Did a stupid thing and ran down the battery. Now it's on a 12V 2/6
amp charger. Every two hrs., I remove the charger from the AC source,
negative ground clamp, and positive clamp and attempt to crank the
engine.


A slow charge is best**. When I used my 1 amp charger on a full size
car battery, for a big car, it took 24 hours to charge from dead.
Since yours is 2 amp, I'd figure 12 hours, or less if the battery is
smaller. Maybe a little les yet since 24 might not have been needed.

If set on 6 amps, 4 hours of course.

**Although some fancy new ones say they charge 80% fast and then slow
down towards the end. I don't know about that.

Is is necessary for safety purposes to disable the charger, or can I
leave it connected while testing to see if the engine cranks over?


Now I use a 10 amp charger and I can often get by on ten minutes or
less before it will start**, and I don't disconnect it before trying.
But they aren't the original diodes, so I guess that doesn't help you.
I couldn't get those square, cracker-like selenium diodes anymore, so
I used a bunch of 2 amp tophat diodes in parallel***.

**I've disabled my lights-on buzzer switch for complicated reasons.

***The original story of the 10 amp charger is more intersting. 35
years ago, I found it with nothing nearby on the sidewalk in Queens.
Took it home and it woudln't work.

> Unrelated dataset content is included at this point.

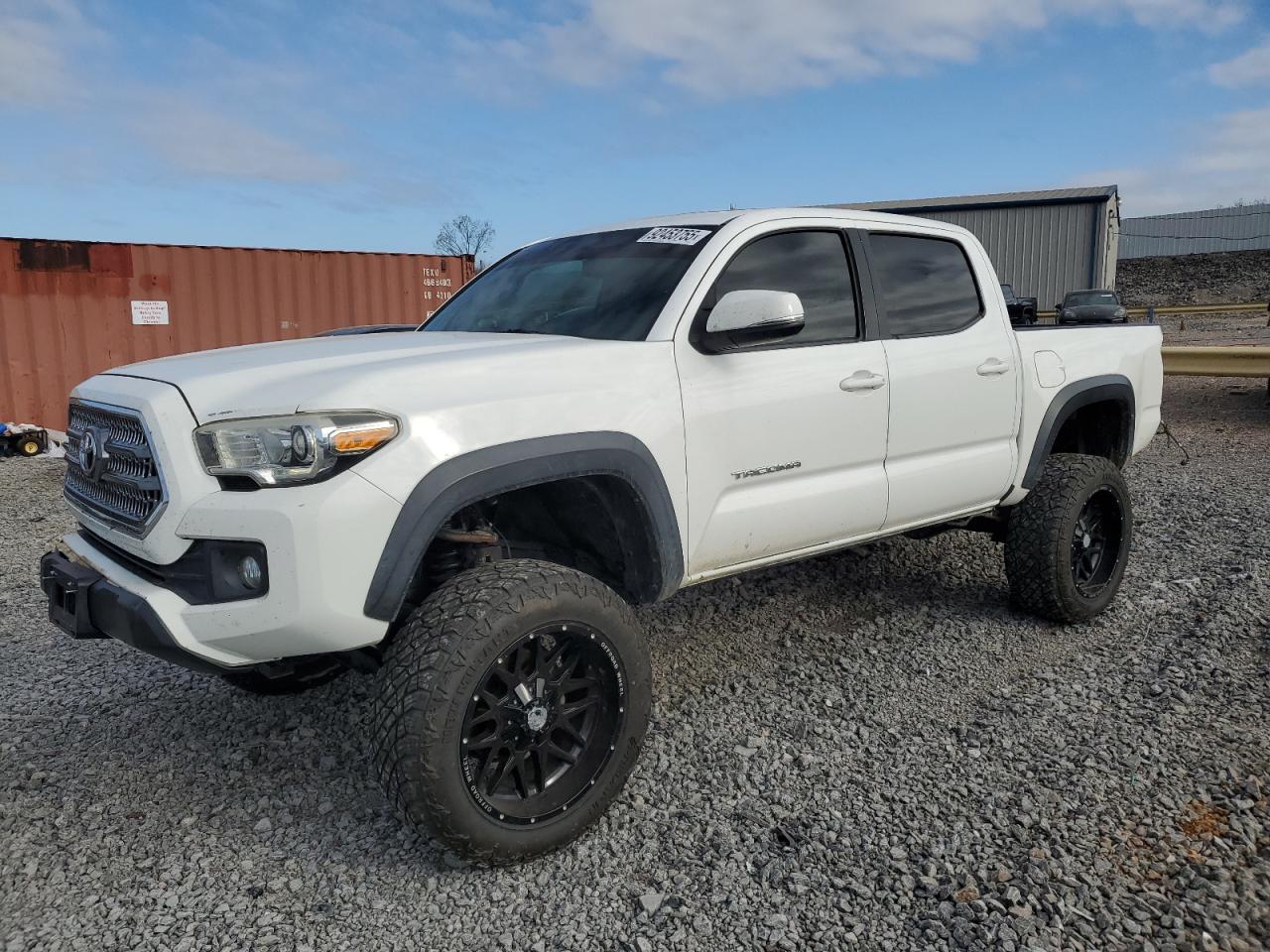 2016 TOYOTA TACOMA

Bad diodes. Looked all over NYC
for selenium diodes that could carry 10 amps. Didn't know why they
should be selenium, but that's what they used in the first place.

Coudn't find them, forgot out the thing for 5 years, and when I tried
again to fix it, it worked fine. I don't use it often but it worked
fine for 20 years. Then the diodes went bad again!! Go figure.


Thanks.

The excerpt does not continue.